Brand Doesn’t Veer From His Support of Title IX
LA JOLLA — Not long after taking over as NCAA president, Myles Brand said a prime advantage of the job was “the bully pulpit” it offered.
It’s clear that pulpit travels.
Brand was at it Monday offering a spirited defense of still-controversial 30-year-old landmark civil rights legislation on the first of a two-day Title IX seminar.
“My message today is the same as it has been over the last four months,” Brand said. “Title IX is not broken, and it does not need to be fixed. Rather, it needs to be supported, enforced and allowed to finish the job it was designed to do -- provide equal opportunities for athletics participation without gender bias.
“Now is not the time to say, ‘Close enough.’ Now is the time to say, ‘Close the gap.’ ”
Title IX has been the topic of renewed debate in the two months since a report was issued by the Secretary of Education’s Commission on Opportunity in Athletics. What precisely Rod Paige, the secretary of Education, intends to do with the committee’s recommendations has the NCAA holding its breath.
Paige has said he will consider only those recommendations that were passed unanimously by the committee. But even some of those have sparked debate because of the way they were presented in the report. Committee members Donna de Varona and Julie Foudy released their own minority report, stating that many of the commission recommendations would seriously weaken Title IX.
For example, they asserted that Recommendation 23 -- which suggested additional ways of demonstrating equity beyond the existing three-part test should be explored by the Department of Education -- afforded Paige an “open-ended invitation to add new ways to comply with Title IX.”
In an interview after the general session Monday, Brand said he also had reservations with 23.
“I am concerned about the last recommendation, 23, which is a very open-ended recommendation,” he said.
“It may be fine or may not. It’s just that it is too vague compared to the other recommendations.”
He cited progress in his state-of-Title-IX speech, pointing out that nearly 150,000 women are competing in NCAA sports and that women account for 41% participation and receive 42% of scholarship dollars, according to a recent survey. In 1971-72, before Title IX was enacted, fewer than 30,000 women participated, compared to 170,000 men.
“The cutting of the [men’s] programs is an issue that keeps being brought up,” Brand said. “What was correctly answered by [Stanford Athletic Director] Ted Leland is that those are individual institutional decisions that institutions must make, especially in tight budgetary times, how they want to allocate their resources.

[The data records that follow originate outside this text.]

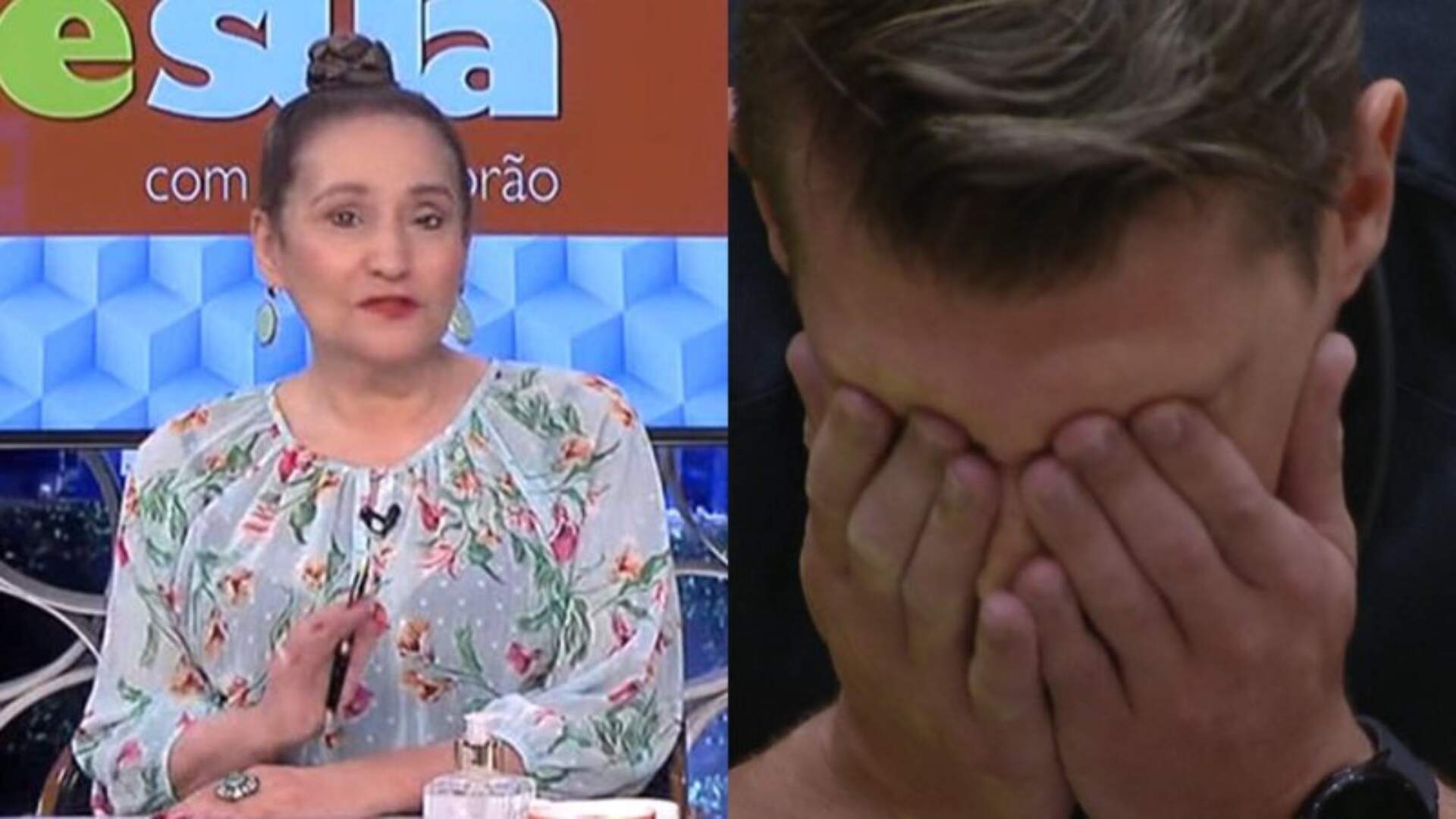 Sonia Abrão rasga o verbo e fala tudo o que pensa sobre Cristian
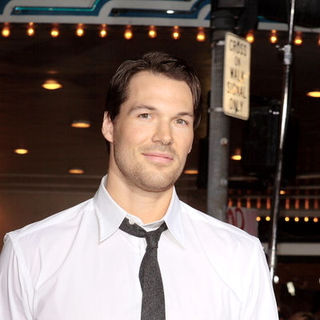 Daniel Cudmore; in "The Twilight Saga's New Moon" Los Angeles Premiere- Arrivals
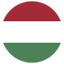 Hungarian flag icon
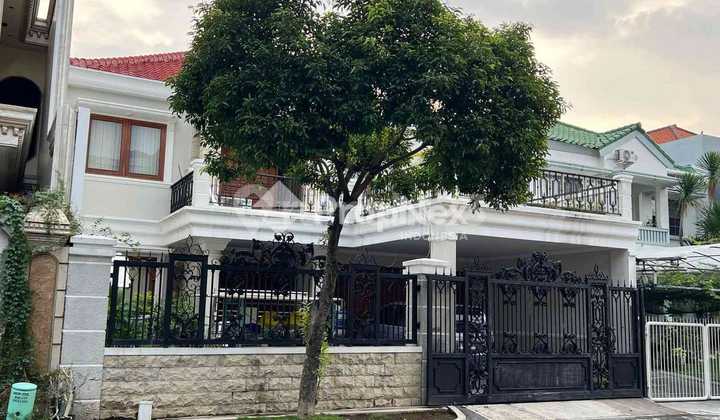 For Sale! Rumah Full Granit Villa Sentra Raya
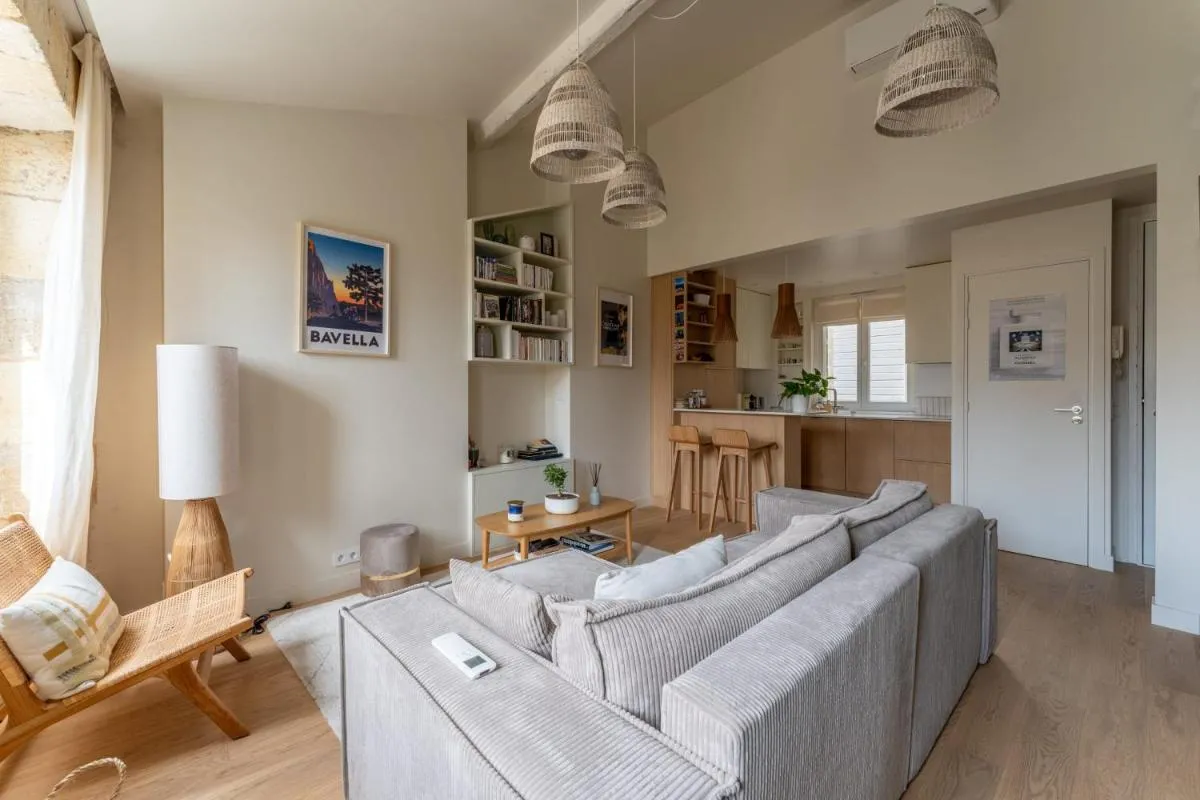 Image 2 of Appartement du Palais – Welkeys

” ... What you also heard today and what was testimony to the commission, when the ADs were asked, ‘If there was more money available to men’s sports, would you reinstate the sports you cut?’ And they said, ‘Not necessarily so.’
“So there’s something else going on here.... I don’t think you can blame this on Title IX. There are some institutional issues about which sports are being chosen for support.”